__TASK DETAILS__.
Once you find the line with "Moose Hotel & Suites 4" in the entries below, return exactly every line from it through the line with "Gilet & Giacche".

__RECORDS TO USE__.
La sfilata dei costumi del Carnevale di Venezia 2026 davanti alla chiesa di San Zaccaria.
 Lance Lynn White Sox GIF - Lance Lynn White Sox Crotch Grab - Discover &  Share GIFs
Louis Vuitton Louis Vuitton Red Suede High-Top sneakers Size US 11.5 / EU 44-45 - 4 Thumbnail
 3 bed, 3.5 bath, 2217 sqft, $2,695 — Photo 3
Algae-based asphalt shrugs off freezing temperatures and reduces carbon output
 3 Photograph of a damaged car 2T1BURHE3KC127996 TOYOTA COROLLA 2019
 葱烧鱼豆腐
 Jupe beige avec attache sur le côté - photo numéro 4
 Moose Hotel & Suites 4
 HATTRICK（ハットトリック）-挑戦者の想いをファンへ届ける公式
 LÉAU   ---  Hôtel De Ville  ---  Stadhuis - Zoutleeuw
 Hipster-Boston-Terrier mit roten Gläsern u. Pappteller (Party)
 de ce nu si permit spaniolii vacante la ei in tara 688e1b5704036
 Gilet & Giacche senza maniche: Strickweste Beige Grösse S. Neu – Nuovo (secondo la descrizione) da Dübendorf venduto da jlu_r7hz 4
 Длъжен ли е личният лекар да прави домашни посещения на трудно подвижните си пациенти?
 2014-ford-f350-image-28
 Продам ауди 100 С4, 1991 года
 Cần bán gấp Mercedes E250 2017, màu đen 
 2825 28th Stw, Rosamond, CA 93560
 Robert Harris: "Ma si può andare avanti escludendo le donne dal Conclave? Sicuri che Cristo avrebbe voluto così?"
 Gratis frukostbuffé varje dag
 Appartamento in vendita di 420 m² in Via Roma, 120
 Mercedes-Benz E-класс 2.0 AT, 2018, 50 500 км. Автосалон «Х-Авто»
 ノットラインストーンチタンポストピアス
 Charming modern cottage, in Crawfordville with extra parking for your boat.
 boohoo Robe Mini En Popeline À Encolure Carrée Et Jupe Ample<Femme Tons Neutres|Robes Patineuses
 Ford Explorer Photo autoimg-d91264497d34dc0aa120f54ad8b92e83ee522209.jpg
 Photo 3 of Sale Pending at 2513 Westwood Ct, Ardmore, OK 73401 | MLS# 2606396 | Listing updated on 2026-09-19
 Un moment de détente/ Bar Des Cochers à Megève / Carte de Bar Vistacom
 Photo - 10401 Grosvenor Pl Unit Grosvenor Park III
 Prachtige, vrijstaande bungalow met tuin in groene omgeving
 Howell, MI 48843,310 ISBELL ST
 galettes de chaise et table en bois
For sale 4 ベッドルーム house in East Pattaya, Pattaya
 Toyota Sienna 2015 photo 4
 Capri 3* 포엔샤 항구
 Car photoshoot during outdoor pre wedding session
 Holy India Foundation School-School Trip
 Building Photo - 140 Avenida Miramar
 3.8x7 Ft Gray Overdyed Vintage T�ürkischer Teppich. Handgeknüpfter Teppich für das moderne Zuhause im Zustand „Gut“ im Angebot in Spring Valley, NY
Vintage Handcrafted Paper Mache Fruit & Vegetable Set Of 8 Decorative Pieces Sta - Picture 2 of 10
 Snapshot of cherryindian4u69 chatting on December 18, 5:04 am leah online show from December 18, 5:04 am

__SOLVED EXERCISE__.
 Moose Hotel & Suites 4
 HATTRICK（ハットトリック）-挑戦者の想いをファンへ届ける公式
 LÉAU   ---  Hôtel De Ville  ---  Stadhuis - Zoutleeuw
 Hipster-Boston-Terrier mit roten Gläsern u. Pappteller (Party)
 de ce nu si permit spaniolii vacante la ei in tara 688e1b5704036
 Gilet & Giacche senza maniche: Strickweste Beige Grösse S. Neu – Nuovo (secondo la descrizione) da Dübendorf venduto da jlu_r7hz 4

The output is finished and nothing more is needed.